# [Work item]
Give back an exact copy of the listing that follows, without the pictures.

# [Record set]
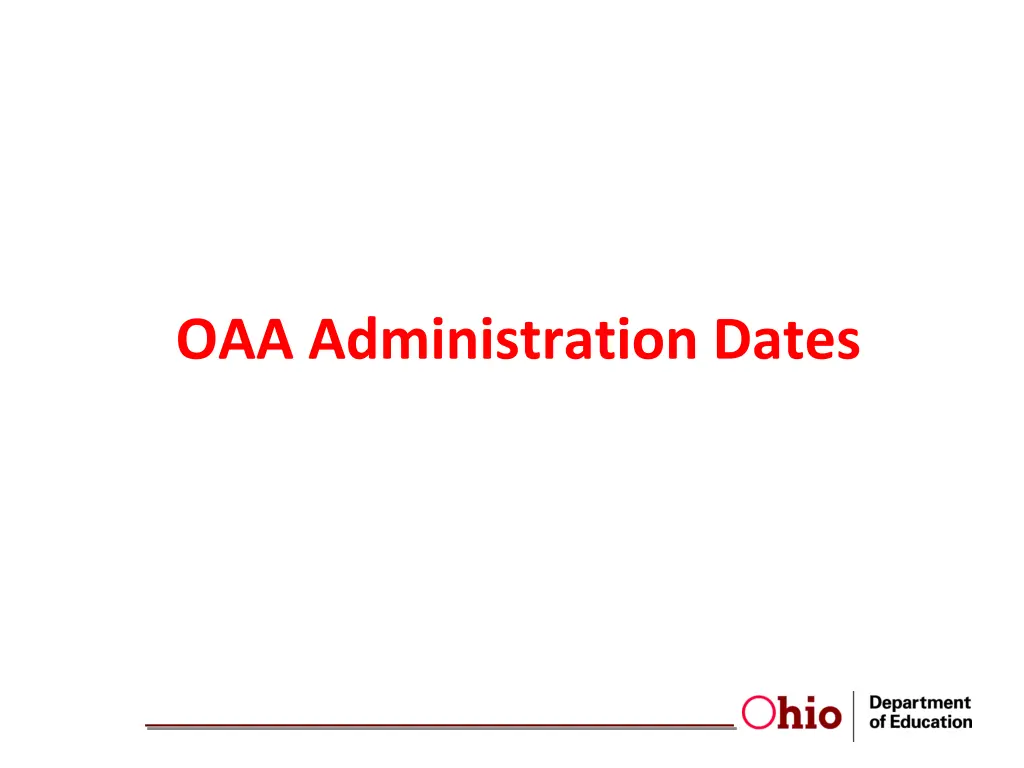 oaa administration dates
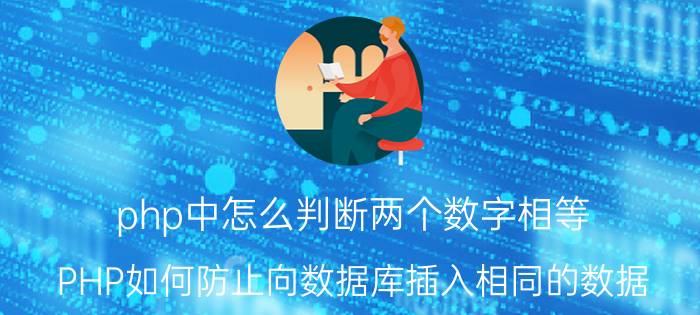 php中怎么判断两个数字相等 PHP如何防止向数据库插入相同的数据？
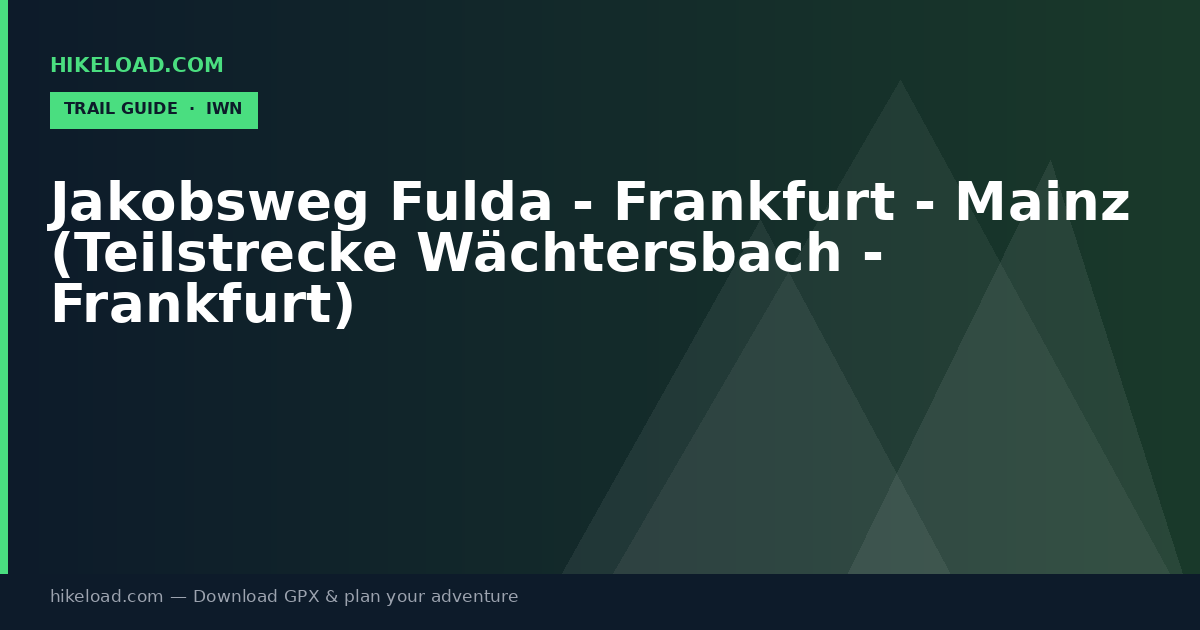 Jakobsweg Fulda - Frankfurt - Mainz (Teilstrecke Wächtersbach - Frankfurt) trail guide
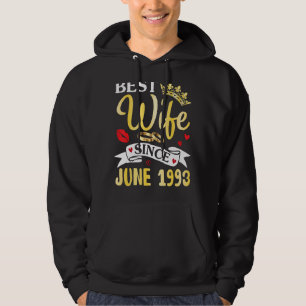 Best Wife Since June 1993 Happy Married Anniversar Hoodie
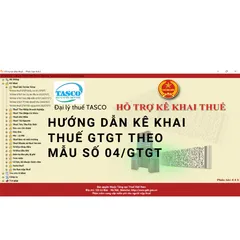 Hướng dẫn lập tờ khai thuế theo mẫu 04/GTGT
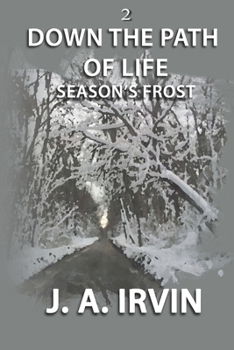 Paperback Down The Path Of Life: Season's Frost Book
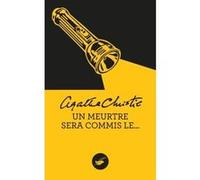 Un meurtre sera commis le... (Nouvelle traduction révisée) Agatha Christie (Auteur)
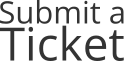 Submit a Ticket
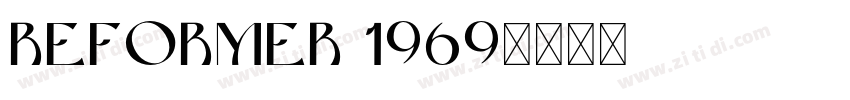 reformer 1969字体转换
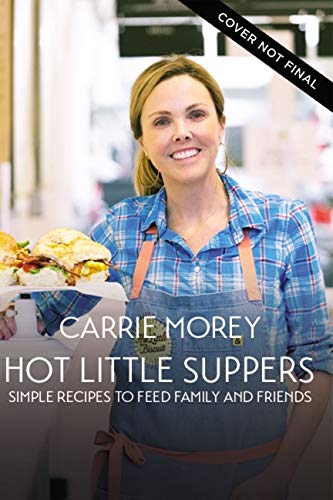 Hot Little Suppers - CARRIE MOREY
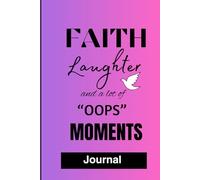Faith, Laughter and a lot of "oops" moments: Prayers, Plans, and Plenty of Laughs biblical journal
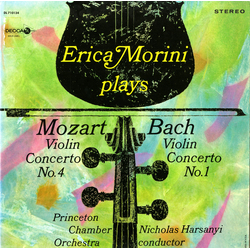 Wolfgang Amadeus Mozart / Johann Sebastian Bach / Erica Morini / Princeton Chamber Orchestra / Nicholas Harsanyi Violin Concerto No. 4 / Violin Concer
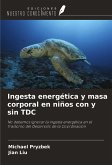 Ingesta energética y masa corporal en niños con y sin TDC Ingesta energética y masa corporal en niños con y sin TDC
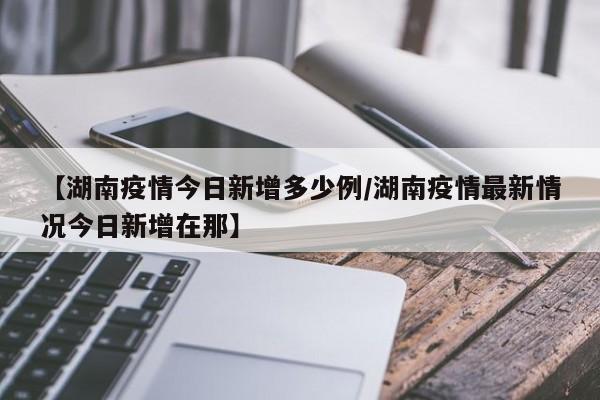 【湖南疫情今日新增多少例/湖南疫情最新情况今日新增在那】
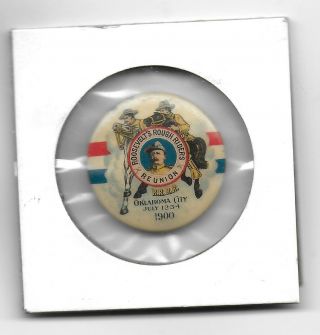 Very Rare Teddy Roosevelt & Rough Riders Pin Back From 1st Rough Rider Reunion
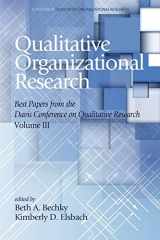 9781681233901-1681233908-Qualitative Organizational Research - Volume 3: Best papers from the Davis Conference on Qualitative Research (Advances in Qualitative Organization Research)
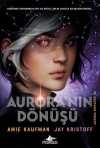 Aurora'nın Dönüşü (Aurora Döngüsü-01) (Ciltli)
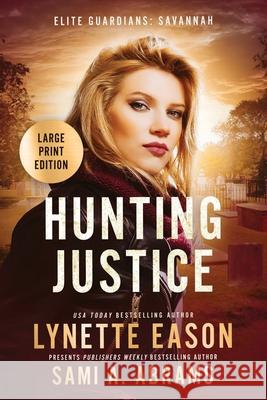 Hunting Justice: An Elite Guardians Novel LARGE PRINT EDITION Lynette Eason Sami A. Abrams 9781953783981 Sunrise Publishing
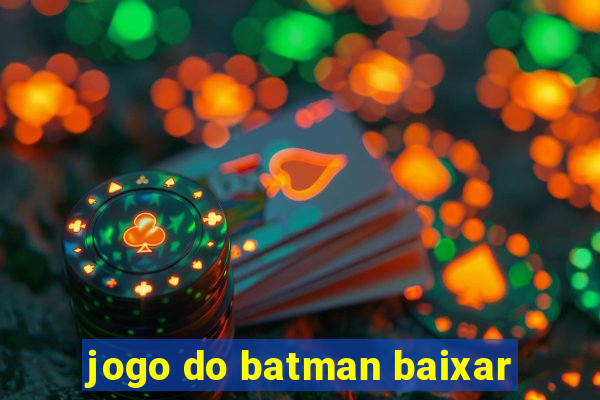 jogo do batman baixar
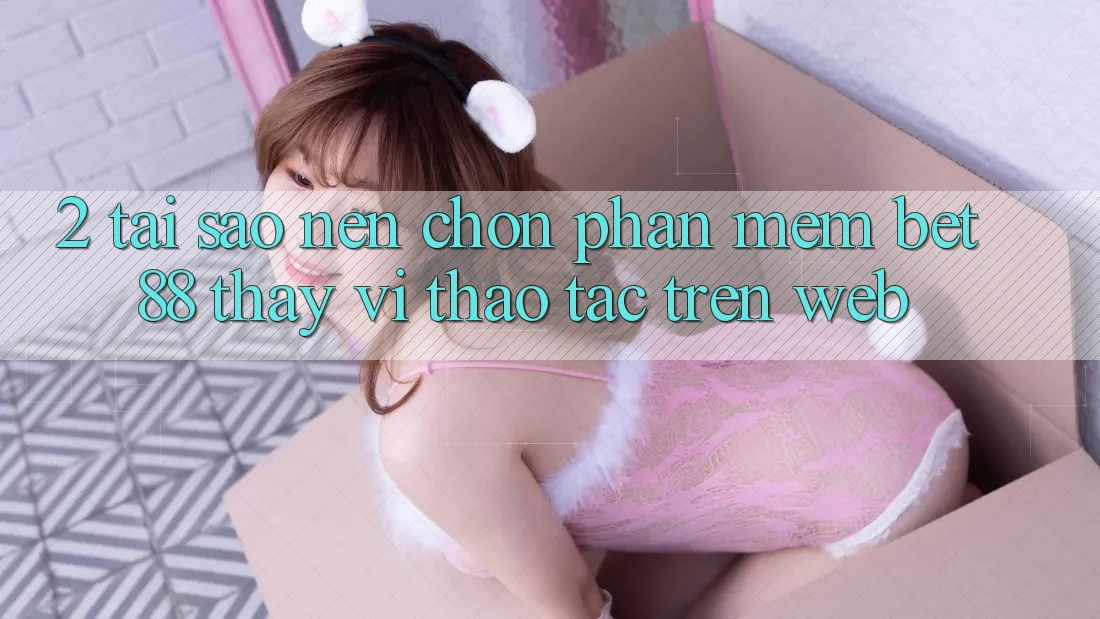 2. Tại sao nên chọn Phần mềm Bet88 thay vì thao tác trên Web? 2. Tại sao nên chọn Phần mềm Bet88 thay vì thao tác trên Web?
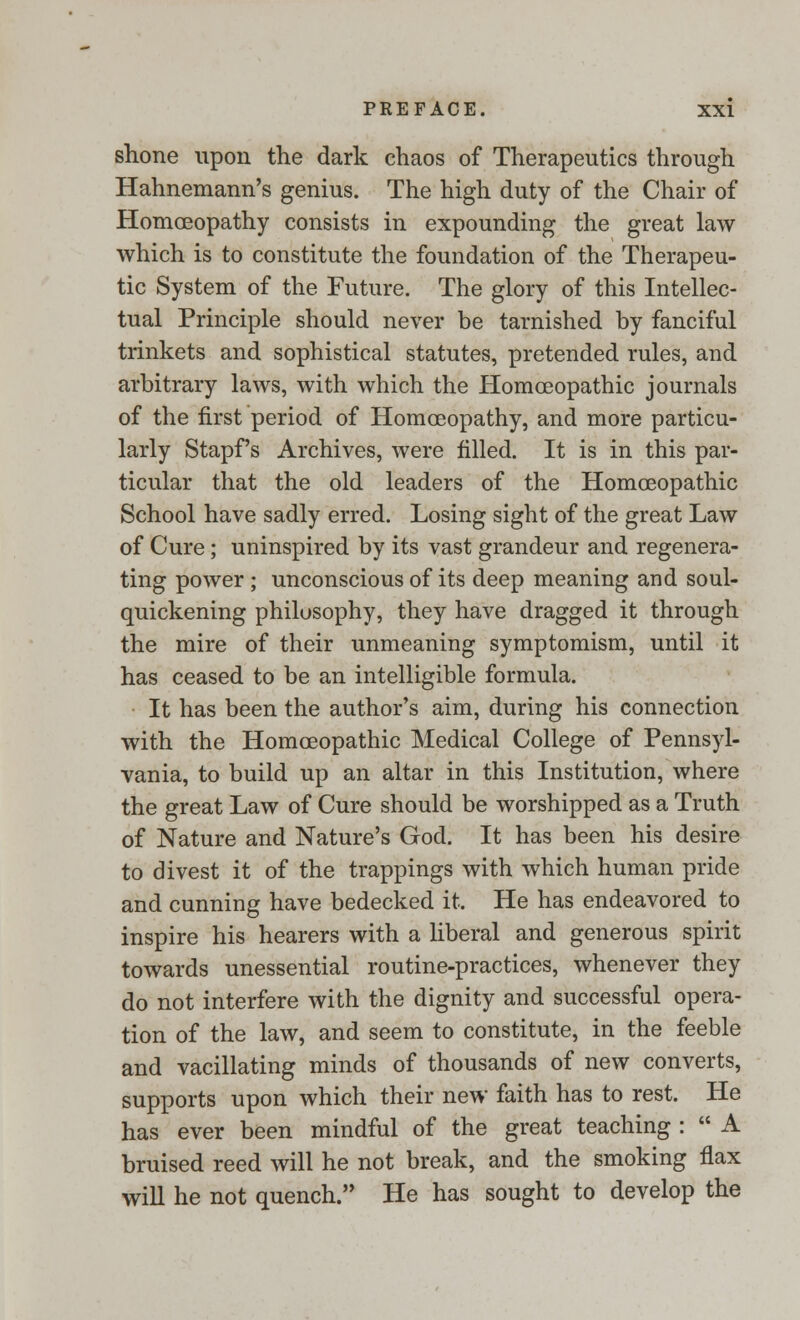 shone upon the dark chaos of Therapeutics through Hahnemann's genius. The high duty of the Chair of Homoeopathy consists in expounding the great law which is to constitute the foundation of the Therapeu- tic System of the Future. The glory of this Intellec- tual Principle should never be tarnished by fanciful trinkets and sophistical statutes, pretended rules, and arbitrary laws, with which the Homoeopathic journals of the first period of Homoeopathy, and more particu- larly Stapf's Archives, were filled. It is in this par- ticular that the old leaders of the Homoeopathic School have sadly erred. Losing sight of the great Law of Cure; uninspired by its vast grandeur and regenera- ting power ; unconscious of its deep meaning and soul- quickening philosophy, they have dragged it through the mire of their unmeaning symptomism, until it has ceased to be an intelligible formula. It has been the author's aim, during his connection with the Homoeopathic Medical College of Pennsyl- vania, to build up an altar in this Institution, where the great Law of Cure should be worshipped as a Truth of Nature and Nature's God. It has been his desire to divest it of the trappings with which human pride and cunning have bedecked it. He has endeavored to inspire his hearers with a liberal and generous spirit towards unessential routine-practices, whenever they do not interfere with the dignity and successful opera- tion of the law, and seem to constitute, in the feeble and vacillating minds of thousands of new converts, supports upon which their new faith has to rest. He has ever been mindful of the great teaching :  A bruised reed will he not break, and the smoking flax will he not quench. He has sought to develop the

# [Result]
 oaa administration dates
 php中怎么判断两个数字相等 PHP如何防止向数据库插入相同的数据？
 Jakobsweg Fulda - Frankfurt - Mainz (Teilstrecke Wächtersbach - Frankfurt) trail guide
 Best Wife Since June 1993 Happy Married Anniversar Hoodie
 Hướng dẫn lập tờ khai thuế theo mẫu 04/GTGT
 Paperback Down The Path Of Life: Season's Frost Book
 Un meurtre sera commis le... (Nouvelle traduction révisée) Agatha Christie (Auteur)
 Submit a Ticket
 reformer 1969字体转换
 Hot Little Suppers - CARRIE MOREY
Faith, Laughter and a lot of "oops" moments: Prayers, Plans, and Plenty of Laughs biblical journal
 Wolfgang Amadeus Mozart / Johann Sebastian Bach / Erica Morini / Princeton Chamber Orchestra / Nicholas Harsanyi Violin Concerto No. 4 / Violin Concer
 Ingesta energética y masa corporal en niños con y sin TDC Ingesta energética y masa corporal en niños con y sin TDC
 【湖南疫情今日新增多少例/湖南疫情最新情况今日新增在那】
 Very Rare Teddy Roosevelt & Rough Riders Pin Back From 1st Rough Rider Reunion
 9781681233901-1681233908-Qualitative Organizational Research - Volume 3: Best papers from the Davis Conference on Qualitative Research (Advances in Qualitative Organization Research)
 Aurora'nın Dönüşü (Aurora Döngüsü-01) (Ciltli)
 Hunting Justice: An Elite Guardians Novel LARGE PRINT EDITION Lynette Eason Sami A. Abrams 9781953783981 Sunrise Publishing
 jogo do batman baixar
 2. Tại sao nên chọn Phần mềm Bet88 thay vì thao tác trên Web? 2. Tại sao nên chọn Phần mềm Bet88 thay vì thao tác trên Web?
 shone upon the dark chaos of Therapeutics through Hahnemann's genius. The high duty of the Chair of Homoeopathy consists in expounding the great law which is to constitute the foundation of the Therapeu- tic System of the Future. The glory of this Intellec- tual Principle should never be tarnished by fanciful trinkets and sophistical statutes, pretended rules, and arbitrary laws, with which the Homoeopathic journals of the first period of Homoeopathy, and more particu- larly Stapf's Archives, were filled. It is in this par- ticular that the old leaders of the Homoeopathic School have sadly erred. Losing sight of the great Law of Cure; uninspired by its vast grandeur and regenera- ting power ; unconscious of its deep meaning and soul- quickening philosophy, they have dragged it through the mire of their unmeaning symptomism, until it has ceased to be an intelligible formula. It has been the author's aim, during his connection with the Homoeopathic Medical College of Pennsyl- vania, to build up an altar in this Institution, where the great Law of Cure should be worshipped as a Truth of Nature and Nature's God. It has been his desire to divest it of the trappings with which human pride and cunning have bedecked it. He has endeavored to inspire his hearers with a liberal and generous spirit towards unessential routine-practices, whenever they do not interfere with the dignity and successful opera- tion of the law, and seem to constitute, in the feeble and vacillating minds of thousands of new converts, supports upon which their new faith has to rest. He has ever been mindful of the great teaching :  A bruised reed will he not break, and the smoking flax will he not quench. He has sought to develop the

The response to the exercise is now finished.